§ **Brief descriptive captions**
------------------------------------------------------------------------
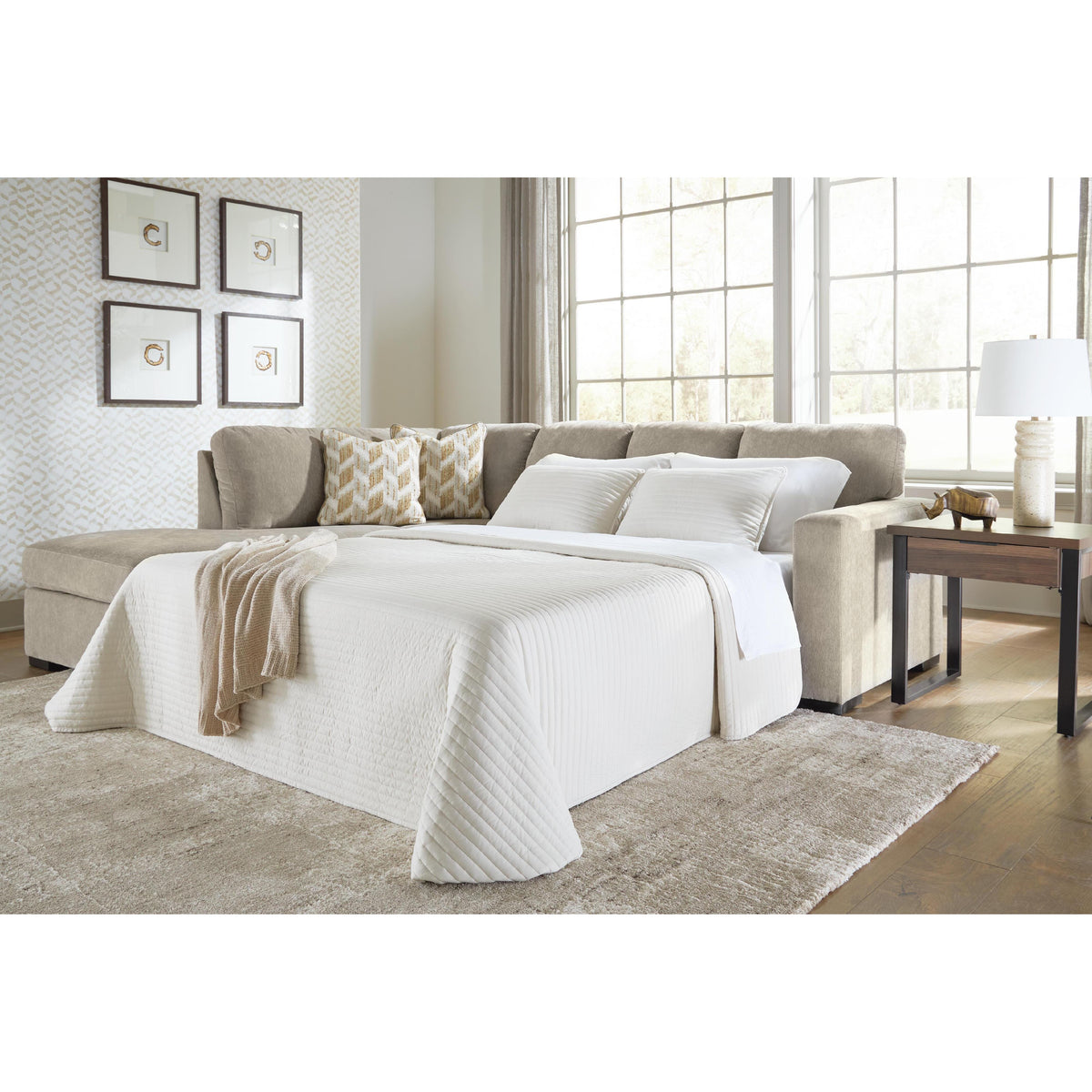 Signature Design by Ashley Bridgepoint PC69506S4 2 pc Sleeper Sectional with Chaise IMAGE 3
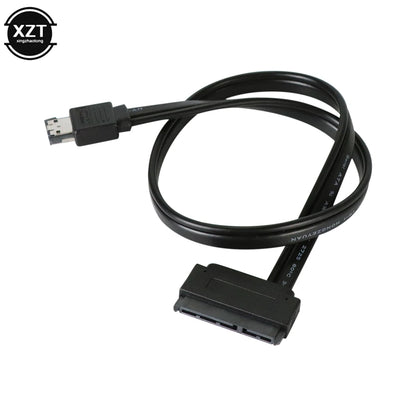 5V 50cm ESATA to SATA7+15 Pin Hard Disk Data Cable ESATA USB to Sata 22Pin Connection Adpter Cable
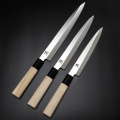 BIGSUNNY Set of 2 Pcs Sashimi Knife Set German Steel Sushi and Deba Knife Japanese Knife Set Wood Handle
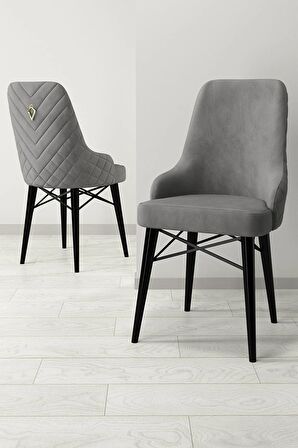 Rovena Almira Siyah Mermer 70x114 Açılabilir Mdf Mutfak Masası Takımı 4 Adet Sandalye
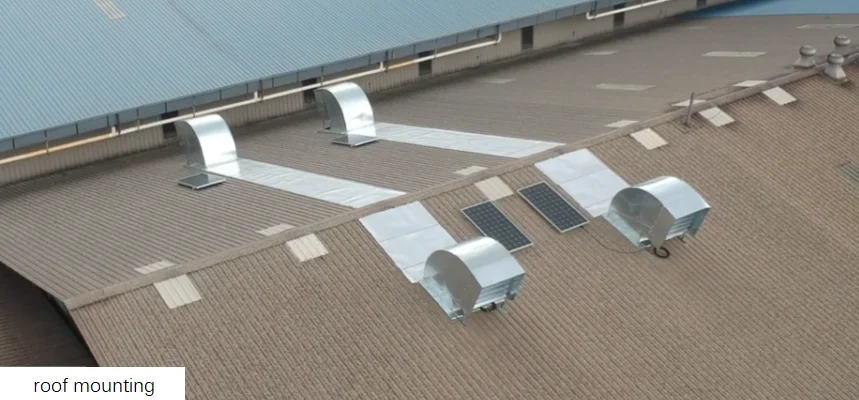Large Industrial Air Extractor, Solar, Wall - detail 26
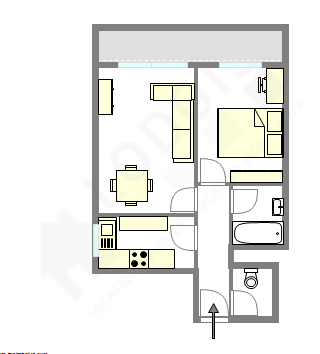 Appartement Paris 19° - Plan interactif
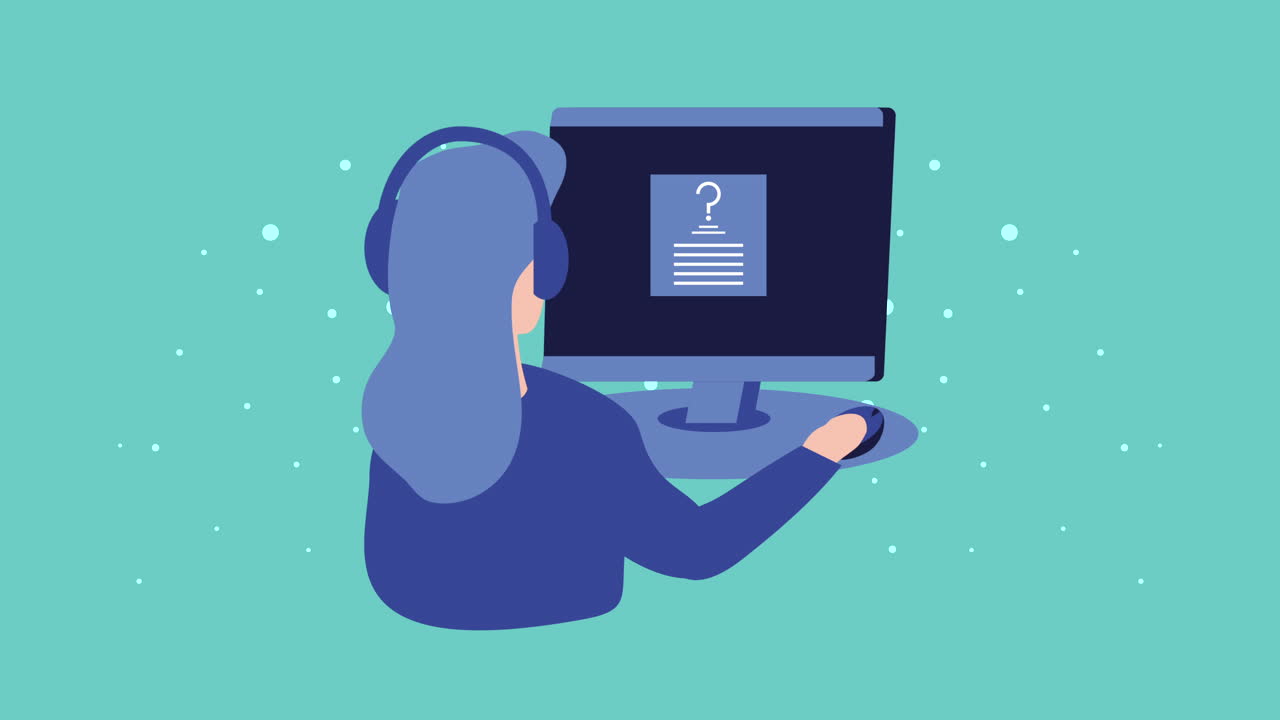 Woman working on computer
------------------------------------------------------------------------
§ **Task**
Transcribe the records verbatim, excluding pictures.

§ **Answer for the task**
 Signature Design by Ashley Bridgepoint PC69506S4 2 pc Sleeper Sectional with Chaise IMAGE 3
 5V 50cm ESATA to SATA7+15 Pin Hard Disk Data Cable ESATA USB to Sata 22Pin Connection Adpter Cable
 BIGSUNNY Set of 2 Pcs Sashimi Knife Set German Steel Sushi and Deba Knife Japanese Knife Set Wood Handle
 Rovena Almira Siyah Mermer 70x114 Açılabilir Mdf Mutfak Masası Takımı 4 Adet Sandalye
Large Industrial Air Extractor, Solar, Wall - detail 26
 Appartement Paris 19° - Plan interactif
 Woman working on computer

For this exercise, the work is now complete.